Abstract

The exploration of new monolayer materials always attracts much attention due to the extraordinary properties and promising applications. Here we predict two monolayered aluminum triphosphides (AlP₃) with C2/m and P3m1 space groups with a tunable bandgap under strain as the new members of the 2D XP₃ family by using the first principles calculations. The stabilities of the predicted structures are confirmed with the phonon dispersion curves and molecular dynamics. Unlike the narrow bandgaps of the reported XP₃ monolayers, the larger bandgaps of 1.78 (HSE06) or 1.91 eV (G₀W₀) for C2/m and 1.42 (HSE06) or 2.14 eV (G₀W₀) for P3m1 AlP₃ monolayers are observed. The high mobility of 1.01 × 10⁵ and 1.62 × 10⁴ cm² V^-1 s^-1 are observed for the electron of P3m1 and the hole of C2/m. The optical absorptions of the AlP₃ monolayers, in particular, the one with C2/m, are obviously strong in the visible light range. These results imply that the monolayers are promising in the optoelectronic application.

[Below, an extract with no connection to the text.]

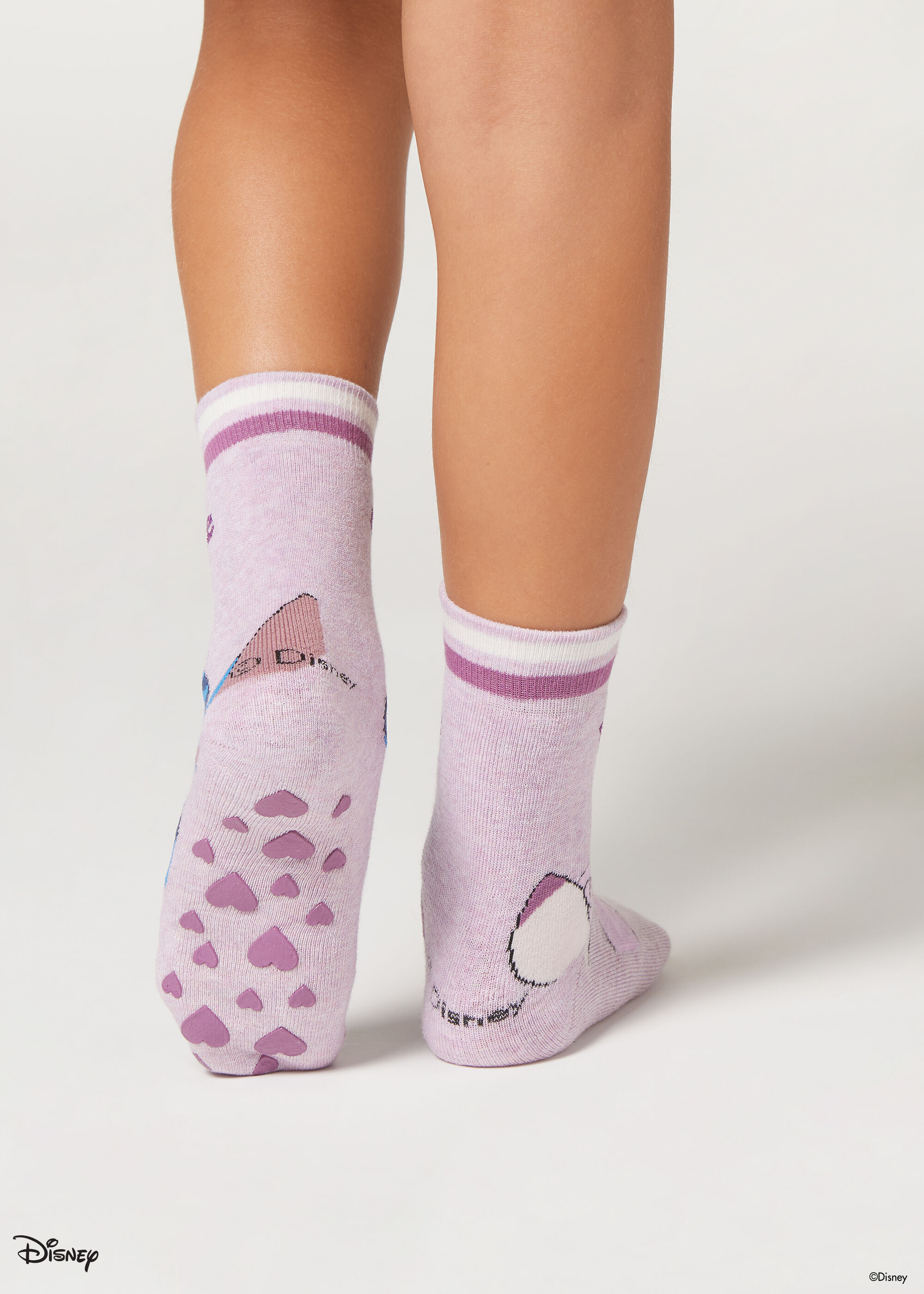 Calcetines infantiles antiderrapantes de Disney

Unfortunately, the undesirable band edges make them not suitable for water splitting in spite of the strong optical absorption coefficient in the visible light range. However, an obvious effect of strain engineering is demonstrated for the monolayers. Under -2% and -3% biaxial strain, the band edges of P3m1 AlP₃ can straddle the redox potential of water and meet the requirement of photocatalytic water splitting. Therefore, the P3m1 AlP₃ monolayer can also be a promising candidate for the photocatalytic water splitting to produce hydrogen driven by the visible light.